[Work required] Look below for the line with "Structured data is" and the line with "Hello friends, this". Copy exactly those two lines and every line between, but not the pictures.

Stored data entries
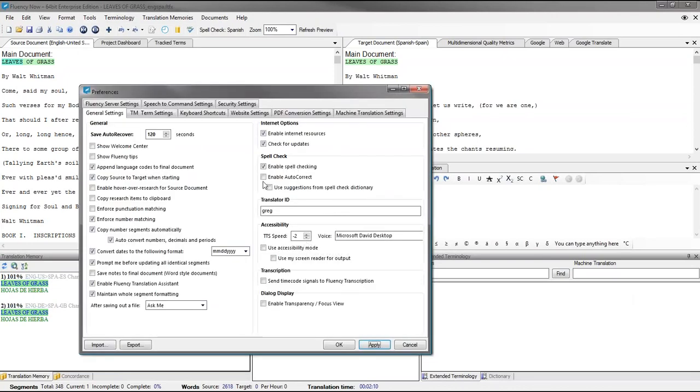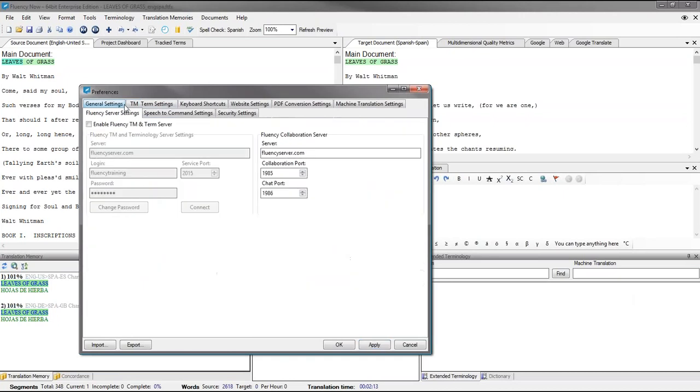From the General Preferences menu, we're going to click on the Fluency Server Settings tab. Here you'll see a checkbox that allows you to enable Fluency TM and Term Server on your copy of Fluency. Go ahead and enable it.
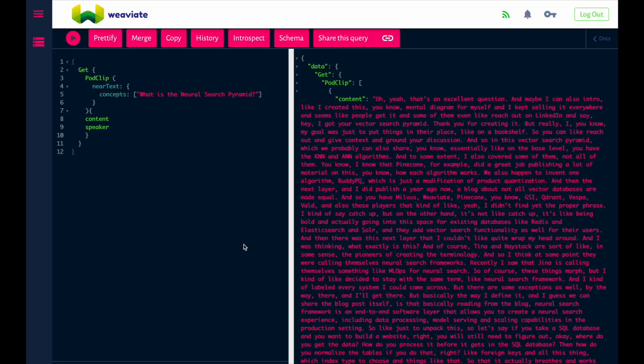Once you're running the podcast search app in Weaviate, you can ask it all sorts of questions like 'what is the neural search pyramid,' and it'll semantically match it with the part of the conversation that talks about it. So maybe if you don't have time to listen to the entire hour and 45 minute podcast, you can just search through it with the Weaviate podcast search app. Thanks so much for checking this out, and I really hope you enjoy the podcast.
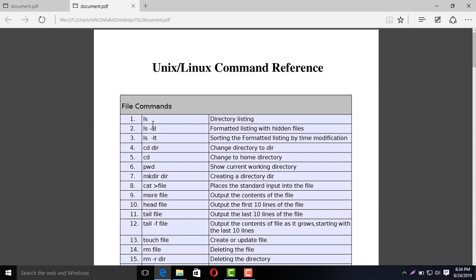The first command is called ls — it is called directory listing. That means if you have a desktop, you can see the folders and files on that desktop using ls.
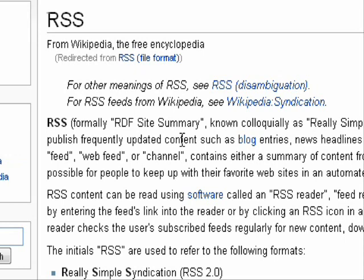RSS is a type of web feed format that publishes updated content. It stands for Really Simple Syndication. It contains all the information found on the normal website, but in a more compact manner. It is commonly found on blog entries, news headlines, podcasts, or any other website that has updates.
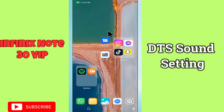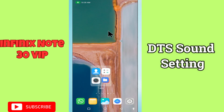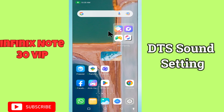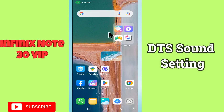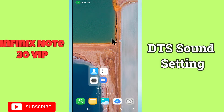Hi everyone. In today's video I'll show you how to enable and disable DTS sound in your device, the Note 30 VIP. I'll show you how to manage DTS sound settings. Before I start, if you are new to my channel, don't forget to subscribe and press the bell icon. Watch the complete video and learn how you can do it. Let's watch the video.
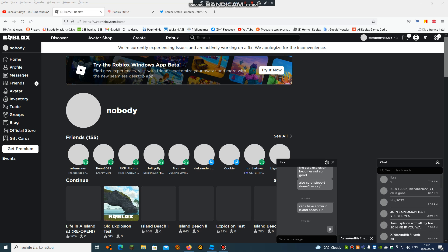Guys, I have the news. Roblox finally solved the problem and they are currently working on the fix of the problem.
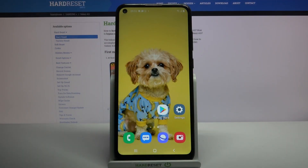Hi, in front of me is the Samsung Galaxy A11 and today I would like to show you how you can add an event to the calendar on this device.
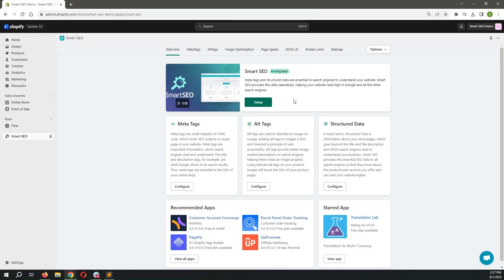Structured data is metadata code that you add to your pages so that search engines can better understand your content, which improves your SEO performance.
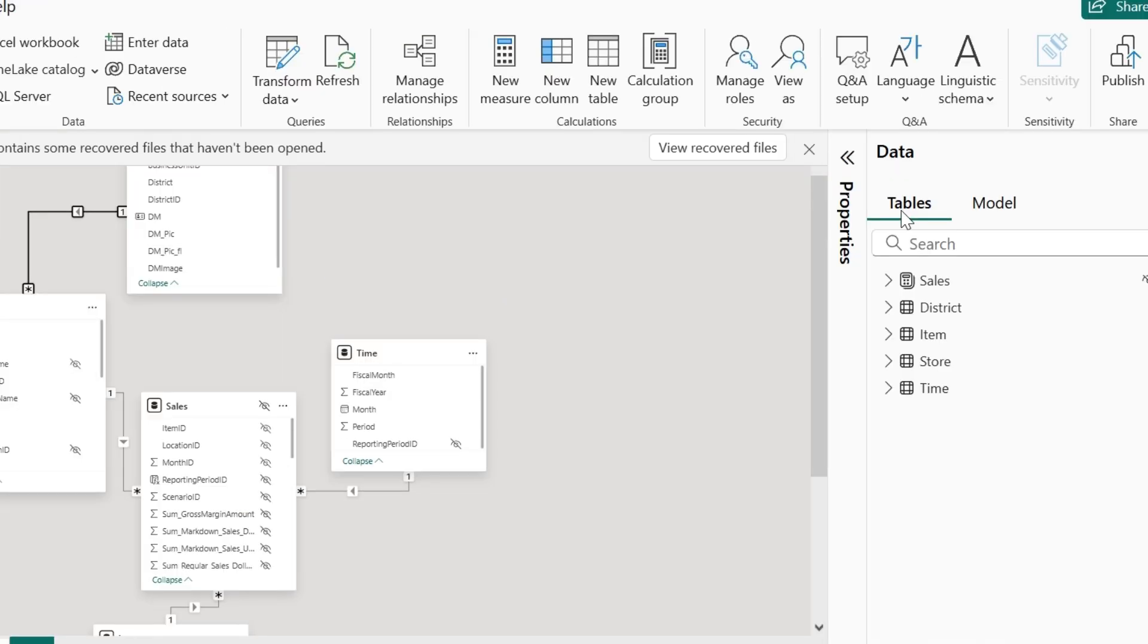In the data pane under tables, you will be able to see all the table level details that are involved in the modeling. Rather than just looking at the table level view, I might want to understand it at a very logical level in various categories.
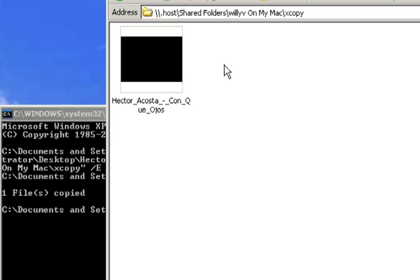Now, depending on which commands you use, you can also backup hidden files, system files. I mean, there is a slew of commands that you can use within this one process on how to backup your files. You can also have it where it only backup new files or existing files.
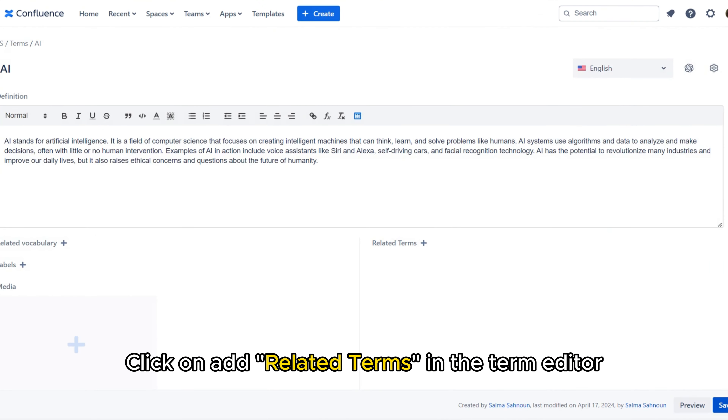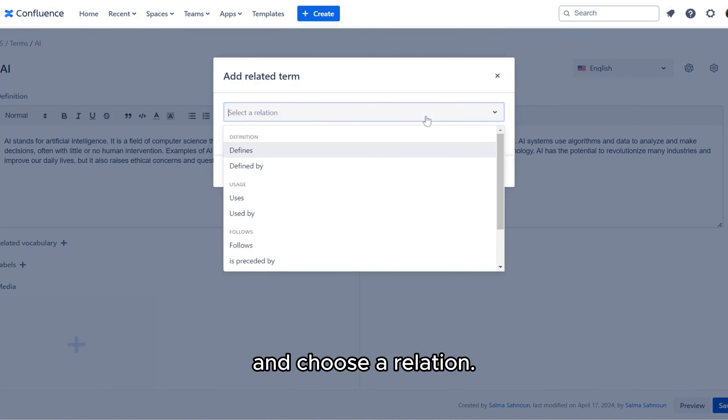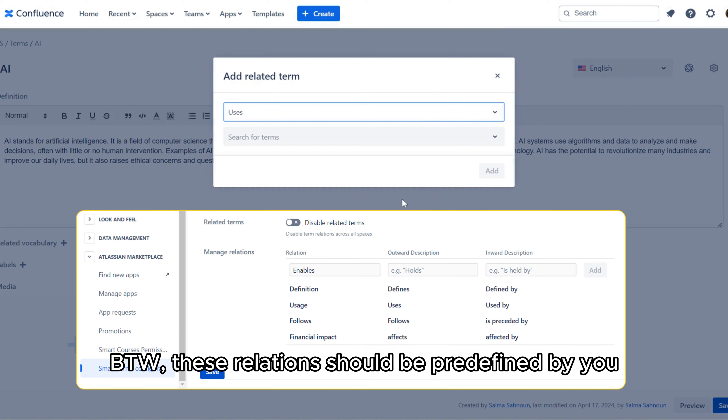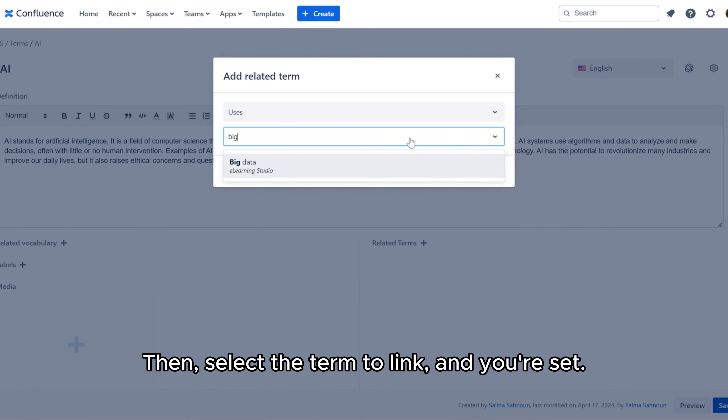Linking a job methodology to Sprint and who uses it, for example, suddenly gives you a visual map that guides new team members and clarifies concepts instantly.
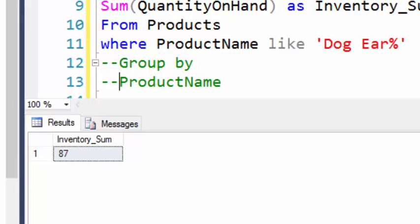That's the use of the example of the SUM function. Thank you.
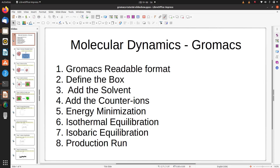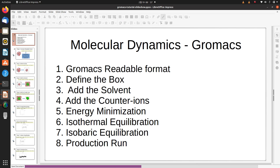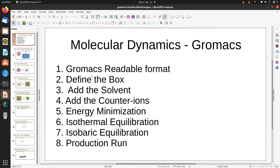Hello friends, this is Dr. Tanush Sharma, and I made this tutorial for GROMACS molecular dynamics. In the first step we will convert the PDB into GROMACS readable format.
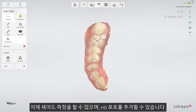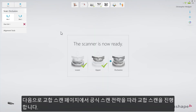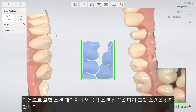Now you have the opportunity to take a shade measurement and add an HD photo. Now move to the bite scan page and proceed with scanning, following the official scan strategy.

[Completed exercise]
Structured data is metadata code that you add to your pages so that search engines can better understand your content, which improves your SEO performance.
In the data pane under tables, you will be able to see all the table level details that are involved in the modeling. Rather than just looking at the table level view, I might want to understand it at a very logical level in various categories.
Now, depending on which commands you use, you can also backup hidden files, system files. I mean, there is a slew of commands that you can use within this one process on how to backup your files. You can also have it where it only backup new files or existing files.
Linking a job methodology to Sprint and who uses it, for example, suddenly gives you a visual map that guides new team members and clarifies concepts instantly.
That's the use of the example of the SUM function. Thank you.
Hello friends, this is Dr. Tanush Sharma, and I made this tutorial for GROMACS molecular dynamics. In the first step we will convert the PDB into GROMACS readable format.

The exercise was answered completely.